MEN EXPRESS LOVE BY DOING

One of the fundamental differences between men and women is the way they express love. Men are goal-oriented and express love by doing, while women are relationship-oriented and express love by being.

A woman may say "I love you" by touching, stroking, caressing, and talking.

A man, on the other hand, shows love by doing such things as going to work and earning a living.

When a woman thinks about love, she thinks about starlit nights and romantic interludes. When a man thinks about love, he thinks about bringing home enough money to buy spaghetti sauce to put on the table.

A woman wants to be swept off her feet, while a man may think sweeping the front porch does just that.

Women feel. Men do.

We were hung up on these differences for years. "Why can't you show me you love me? I need to feel loved," we'd say.

And our husbands would respond, "What in the world does that mean? What can I do to make you feel loved?"

Notice that our husbands asked what they could do to make us feel loved? They had no idea what we meant because doing is a man's native tongue while feeling is a woman's.

Countless articles and books have been written describing these fundamental differences, yet it wasn't until we actually began to take this difference into consideration that we began to notice the ways in which our husbands express love.

Before learning this, when I (Connie) would say to my husband, "I need you to make me feel loved," my husband would respond, "I don't know how to do that if I haven't done it already. They didn't teach that in school, and if they did I was absent that day."

"It is not a hard thing to do," I would retort. And it's not-to a woman. But to a man it is like trying to read a map with no legend.

At some point my weary husband would say, "Besides making you feel cherished, what else can I do?"

What else? What else was there? Nothing-at least as far as I was concerned. I know now that what he was doing all those years was trying to give me exactly what I wanted. He was just doing it in a man's language. Imagine that!

Acknowledge the fact that you and your husband show love in entirely different ways, and appreciate your differences. Begin to look for the ways he shows love that are unique to him. One of the clues is that they will often be action based rather than feeling based.

For example, I (Connie) have learned that Wes shows love by supporting me in whatever I'm involved with, working hard to provide for me and our children, forgiving quickly, and not pressuring me to do things I don't enjoy. For instance, I don't enjoy cooking, and he doesn't make me feel bad that I don't. He's happy to eat whatever I prepare. It's usually very simple, but he always thanks me for preparing it.

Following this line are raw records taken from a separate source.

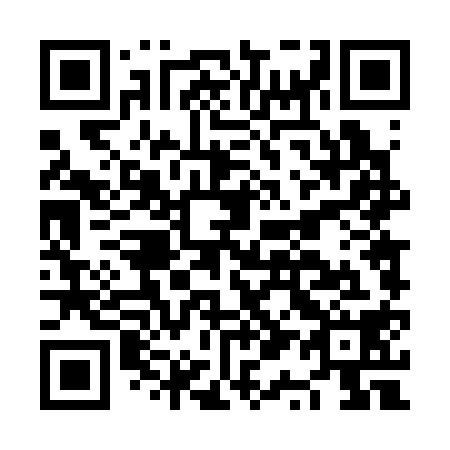 QR code for NQ 4318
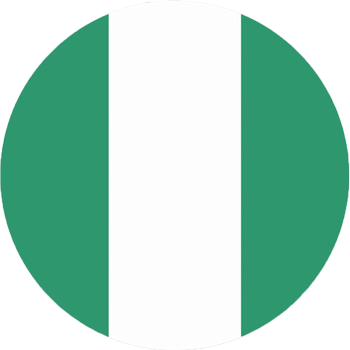 nigeria-flag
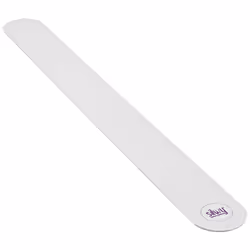 Silwy M000-1000-1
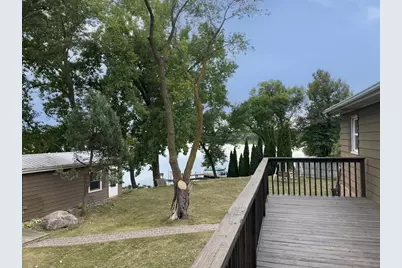4140 Fillmore Avenue NW, Maple Lake, MN 55358 - Photo 22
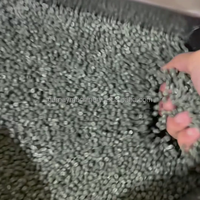 Granulateur à granulés pour ligne de granulation de plastique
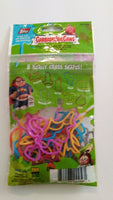 Garbage Pail Kids Silly Bandz Collect A Bands-We Got Character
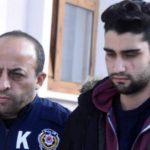 Kadir Şeker koronavirüse yakalandı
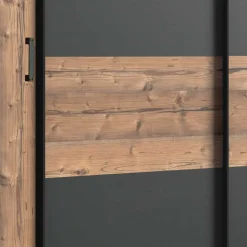 Schlafzimmer Sets*Pharao24 Schlafzimmer Vedra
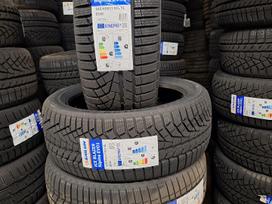 Sailun, all-season 215/45 R17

My (Nancy) husband, Ray's, love language is seldom verbal. He's not a big hand-holder, either. However, he excels in demonstrating his love by doing things for me. If he has a day off and I'm working, he often cleans the house and has dinner ready when I get home. He calls me every day at work to see if I need anything from the store. As I first wrote these words, I heard him pull into the driveway after getting his car washed. I was ready to greet him, only to watch him pull out of the driveway in my car to have it washed. Knowing that I have a deadline to meet, he told me if I needed any errands run or household tasks completed, he was ready, willing, and able. I've learned that I don't need words when everything he does lets me know he loves me.

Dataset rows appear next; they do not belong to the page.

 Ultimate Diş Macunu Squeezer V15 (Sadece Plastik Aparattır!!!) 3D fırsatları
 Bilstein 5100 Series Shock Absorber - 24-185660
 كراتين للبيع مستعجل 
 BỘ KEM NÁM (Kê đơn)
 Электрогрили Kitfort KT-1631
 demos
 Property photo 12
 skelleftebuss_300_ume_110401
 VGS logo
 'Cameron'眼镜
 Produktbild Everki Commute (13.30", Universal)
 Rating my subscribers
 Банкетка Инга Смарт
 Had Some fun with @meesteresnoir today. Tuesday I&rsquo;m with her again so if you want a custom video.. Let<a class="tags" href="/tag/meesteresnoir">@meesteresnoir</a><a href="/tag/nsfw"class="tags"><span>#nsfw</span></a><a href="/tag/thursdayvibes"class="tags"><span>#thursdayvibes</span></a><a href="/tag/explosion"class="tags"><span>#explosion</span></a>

When you begin to accept your husband's efforts, you are granting him the uncommon luxury of being himself. What would happen if women stopped expecting men to be more like them? We think one of the first things that would happen is that husbands would feel freer to talk.

Chapter Two

MEN DON'T WORRY, FRET, OR FUSS

Men don't show their love by worrying, fretting, or fussing over someone like women do. They are too busy mowing the lawn, changing the oil, or caulking the air draft around the window. In fact, this is their way of fussing.

They don't wring their hands and wonder if you are okay if it is raining outside when you are driving home. There's nothing they can do about the rain, so what good is it to worry? Women, on the other hand, are expert worriers and worry until either the rain stops or their loved ones arrive home safely. Their worrying seems to be attached to the way they love, even though the worrying serves no purpose and adds nothing to life.

A few years ago, a good friend of ours took her children to visit her parents. On the return trip they encountered an unexpected snowstorm. Traveling was perilous, and she debated whether to stop or go on. She decided to continue. Mile by mile she made her way home. She was exhausted when she pulled into her driveway, and every muscle in her body ached with tension.

She went running into the house to assure her husband that she and the kids were safe. She found him in their bedroom, watching television.

"Honey, we're home, and we're safe!" she exclaimed.

"I'm glad," he responded, giving her a hug and then hugging the kids.

She waited on him to "fuss" over her a bit. He didn't. He asked about the trip and whether they had had fun at her parents'. This baffled her. Surely in just a minute he would tell her how worried he had been and how brave she was. This, however, was not forthcoming.

Finally, she asked, "Were you worried?"

"No," he replied. "You have such common sense-I knew that if the roads were bad you'd pull over, and if they weren't, you'd make it just fine. I trust your judgment completely."

Somehow his response seemed so anticlimactic! She suddenly wished her sense wasn't quite so common. She was disappointed and hurt that he hadn't been glancing out of the window every few minutes to see if they were safely home. She knew not to ask if he'd been pacing or if he'd called the highway patrol to check out road conditions. Worry? What worry?

It didn't mean he loved her less because he didn't worry-it just meant he showed his love differently than she would have given the same circumstances.